• Sowjetistan

    September 7 in Switzerland ⋅ ☀️ 27 °C

    Zur Einstimmung auf unsere Reise haben wir "Sowjetistan" von Erika Fatland gelesen. Erhältlich u.a. hier: https://www.orellfuessli.ch/shop/home/artikelde…

    Ihre Reflektion über die Reise durch die fünf Länder Zentralasiens und deren zukünftige Entwicklung wird uns die nächsten knapp vier Wochen begleiten:

    "Die postsowjetischen Staaten in Zentralasien stehen mit anderen Worten vor gewaltigen Problemen. Ausser den mangelhaft entwickelten Demokratien geht es vielen Ländern wirtschaftlich schlecht. Die sowjetischen Machthaber haben sich nie die Mühe gemacht, die Industrie in dieser Region auszubauen, sondern nutzten die Länder als Lieferanten von Rohwaren. Den heutigen korrupten Regimen ist es mit wenigen Ausnahmen nicht gelungen, ihre Staaten aus der wirtschaftlichen Schieflage zu befreien; obwohl sie es durchaus versucht haben, sind viele noch immer vollkommen abhängig von Russland. Die Wirtschaft in Kirgisistan und Tadschikistan steht und fällt mit den Überweisungen der Arbeitsemigranten, die in russischen Städten arbeiten.
    Durch die Mitgliedschaft in der Eurasischen Wirtschaftsunion hat Kasachstan erst kürzlich noch engere Bande zu dem grossen Bruder im Norden geknüpft.

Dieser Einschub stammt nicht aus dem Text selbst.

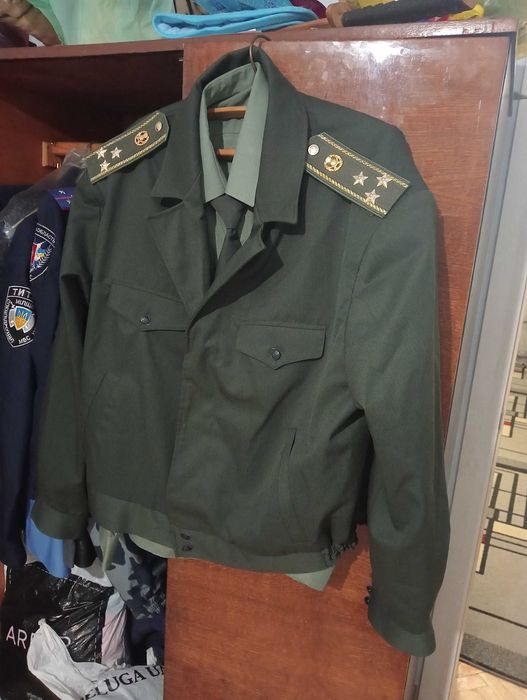 Фуражки, различная форма ВСУ, милиции Украины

Usbekistan hat lange eine isolationistische Position vertreten, aber es gehen Gerüchte, dass Russland hinter den Kulissen aktiv tätig ist, um sicherzustellen, dass der Kreml-freundliche Chef des Geheimdienstes SNB Inojatow nach dem alternden Karimow das Präsidentenamt übernimmt.
    Es ist insgesamt unmöglich, die fünf neuen Länder in Zentralasien zu verstehen, ohne zu berücksichtigen, wie ihre Zeit als Sowjetrepubliken sie geprägt haben. In den siebzig Jahren sowjetischer Herrschaft trat Zentralasien vom Mittelalter ins 20. Jahrhundert. Dieser zivilisatorische Sprung führte zu gewaltigen Umwälzungen in den Gesellschaften. Ein ganzes Binnenmeer verschwand, Nomaden wurden gezwungen, ihre Herden aufzugeben und in Kolchosen zu leben, über eine Million Menschen starben an Hunger. Hunderte Moscheen wurden geschlossen, Frauen wurden vom Schleier befreit, die Polygamie aufgehoben, zumindest in der Theorie. Arabische Buchstaben wurden gegen kyrillische ausgetauscht, aber dafür lernten alle lesen, auch die Mädchen. Strassen, Bibliotheken, Opernhäuser, Universitäten, Krankenhäuser und Sanatorien wurden gebaut. Landesgrenzen wurden festgelegt und Aussengrenzen mit Stacheldrahtzäunen versiegelt. Fünf Nationen erblickten das Licht der Welt.
    Inmitten all dieser Veränderungen hat Zentralasien dennoch einen Teil seiner Besonderheit erhalten. Die alte Klan-Kultur überlebte Kollektivierung und Zentralkomitees. Auch die Autokratie verschwand nie, es gab sie lediglich in einer anderen Form. Gastfreundlichkeit, die Faszination für Teppiche, die alte Marktkultur, die Liebe zu Pferden und Kamelen: All dies hat bis in unsere Tage überlebt und lässt eine Reise in diese Region unvergesslich werden.
    Heute stehen die Stans an einem Kreuzweg. Sollen sie sich Russland oder China annähern oder doch gen Westen schauen? Welchen Interpretationen der eigenen Geschichte können sie vertrauen? Nach fünfundzwanzig Jahren Selbstständigkeit bemühen sich diese fünf Nationen noch immer, ihre eigene Identität zu finden, im Spannungsfeld zwischen Ost und West, zwischen Alt und Neu, mitten in Asien, umgeben von Grossmächten wie Russland und China und zerstrittenen oder unruhigen Nachbarn wie Iran und Afghanistan. Neunzig Prozent der Russen, die in Tadschikistan lebten, zwei Drittel von denen, die in Turkmenistan lebten und die Hälfte derer, die in Usbekistan lebten, haben die Länder verlassen. Zentralasien ist damit in den letzten fünfundzwanzig Jahren mehr "es selbst" geworden, zumindest ethnisch betrachtet. Aber das Erbe der Sowjetunion hängt noch immer schwer an den Stans, sowohl wirtschaftlich wie politisch. Solange die meisten Politiker aus der Sowjetzeit noch immer an der Macht sind, gibt es wenig Hoffnung auf Veränderungen."